Theatre playwrights and TV screenwriters tend to be different animals who spend most of their time in one cage. Sir David Hare occasionally takes a break between National Theatre commissions to write a TV series, such as BBC Two’s recent Collateral, and Dennis Potter did a single theatre play, Sufficient Carbohydrate, but these were recognisably excursions from their main creative space.

One of the striking things about Mike Bartlett is that the 37-year-old writer moves smoothly and frequently between the ancient and modern entertainments. Over the past decade, two major plays at the National Theatre (Earthquakes in London and 13) and a couple at the Almeida (King Charles III and Albion) have alternated with four original series for TV: The Town, Doctor Foster, Trauma and, from the first week of September, Press, a six-part BBC One series about newspaper journalists in a time when their industry is struggling to find money and trust.

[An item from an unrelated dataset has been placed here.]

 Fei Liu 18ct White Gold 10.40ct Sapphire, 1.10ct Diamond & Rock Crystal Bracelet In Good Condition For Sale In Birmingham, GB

Confirming the success of Bartlett’s multiskilling, King Charles III, a mock-Shakespearean fantasy about the coronation of the current Prince of Wales, secured an Olivier award and a Tony nomination in its theatre version and an RTS nomination for its TV adaptation.

“The more I do, I come to realise how different TV and theatre are,” says Bartlett. “Far beyond the obvious things, such as the visual being more significant on screen. You don’t get rehearsals in television, really. So, if, from theatre, you’re used to finding and honing the script through five weeks in a rehearsal room, you really have to adjust.

“The other thing I really notice is the different rhythm of it. In TV, if you’re involved as an executive producer, a show can be a full-time job for two years. Whereas, in theatre, you have the moment of writing it and then the moment of it going on, but [you] do all this other stuff in between those two bursts of energy.”

The largest adjustment, though, is in the definition of a script. It would be normal for a theatre director and writer to discuss the style, tone or length of their next piece – but in TV these calculations are often preordained by slot or genre.

"If we base everything on opinion, civilisation would collapse quite quickly."

Rupert Goold, who directed King Charles III on both screen and stage, as well as several other Bartlett stage plays, thinks that the dramatist had to learn how to negotiate the expectations of commissioners and viewers. “I think he felt with The Town, which was not a ratings success, that – for various reasons – it hadn’t quite worked out as he hoped,” says Goold. “So he was wary of TV at that point.

“But he watches everything on TV and he learns how to make it work for him. I think he’s fallen in love with TV: with its reach and its ability to communicate.”

Goold suggests that Bartlett’s drive to get things right is central to his success in both forms. In the theatre rehearsal room, dramatists are king, whereas, on a TV production, they are more likely to have the rank of the Duke of Bognor.

There are stories of theatre writers being shocked by the number of hands on a TV script, but Goold says that would never be a problem for Bartlett: “He works and works and works, and hits deadlines. So many theatre writers, the first blast is everything – and it’s quite hard to get them to do the second, third, fourth, fifth drafts.

“But Mike doesn’t have any trouble with that.”

The theatre director also has a striking insight into the writer’s unusual attitude to form: “Mike used to be a drummer in a band and he has often said to me that he tends to think of writing in eight- to 12-line sections, rather than a single line, scene or act. He hears the music of a script.”


Charles III (Credit: BBC)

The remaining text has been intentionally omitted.